- What is required
If pictures are present, leave them out, and copy the data word for word.
BEGIN
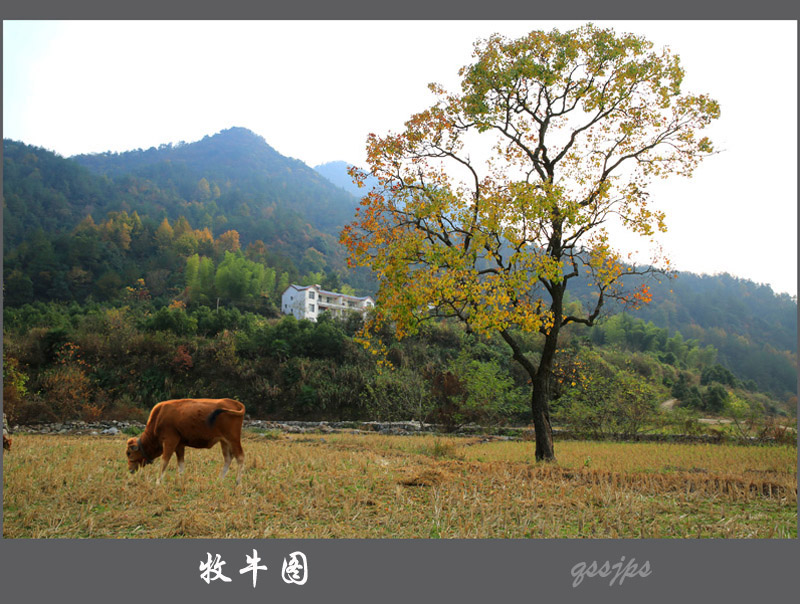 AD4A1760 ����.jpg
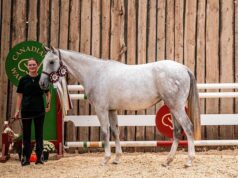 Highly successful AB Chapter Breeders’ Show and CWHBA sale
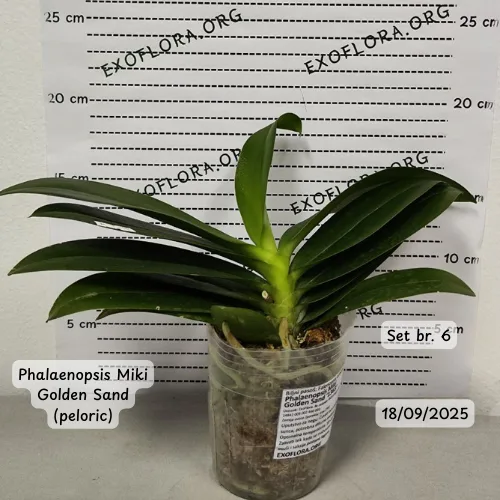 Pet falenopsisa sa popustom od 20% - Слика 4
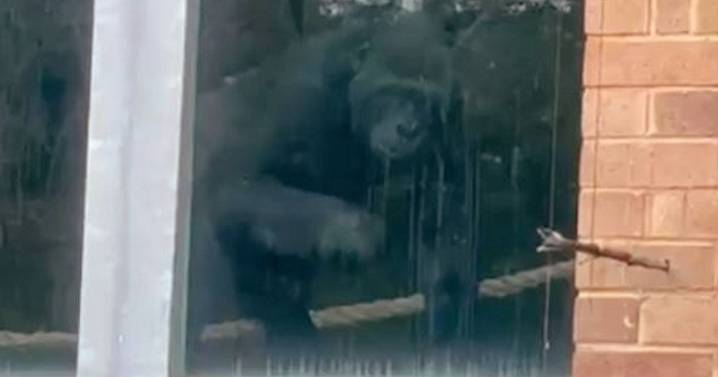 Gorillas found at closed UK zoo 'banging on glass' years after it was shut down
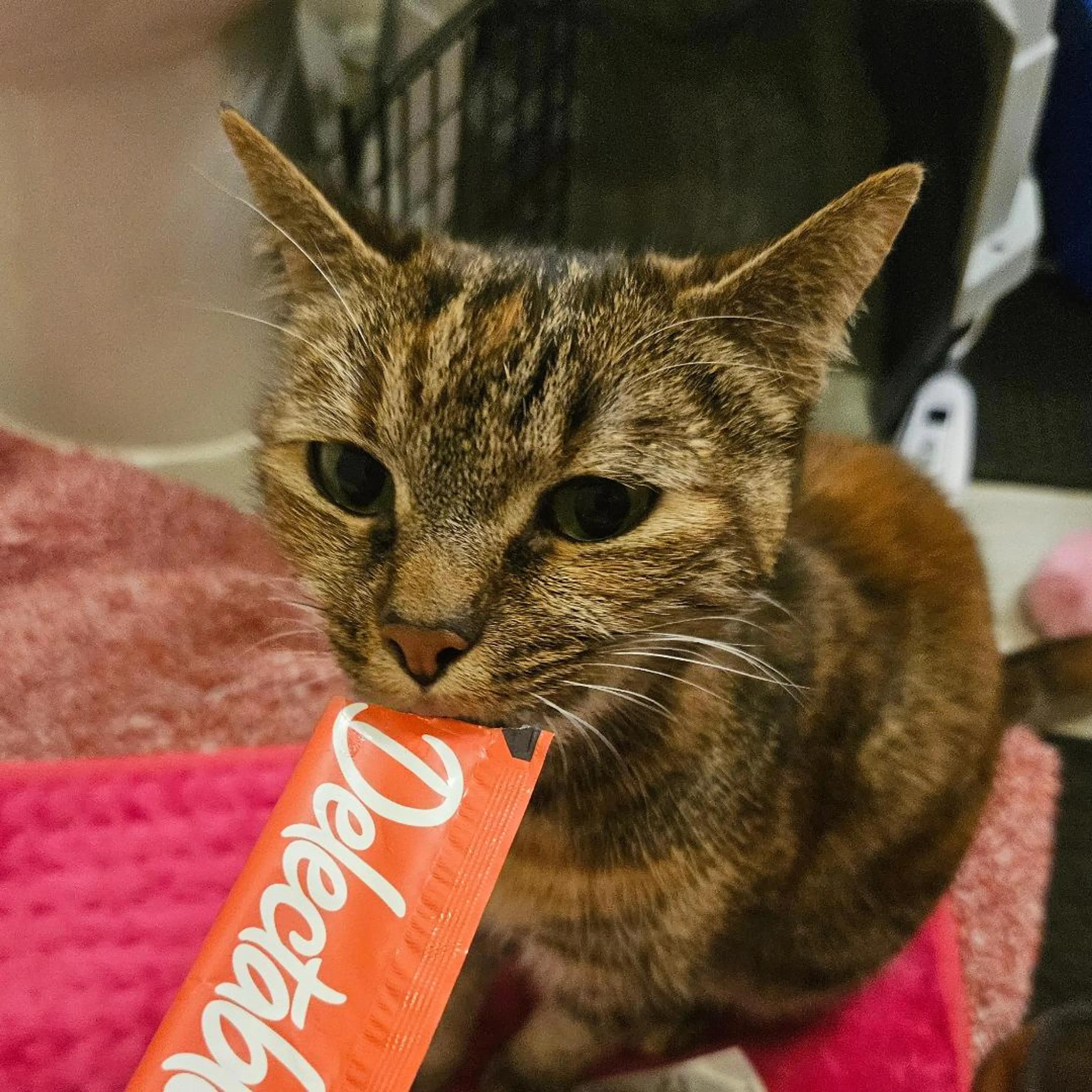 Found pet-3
END
- Solved exercise
 AD4A1760 ����.jpg
 Highly successful AB Chapter Breeders’ Show and CWHBA sale
 Pet falenopsisa sa popustom od 20% - Слика 4
 Gorillas found at closed UK zoo 'banging on glass' years after it was shut down
 Found pet-3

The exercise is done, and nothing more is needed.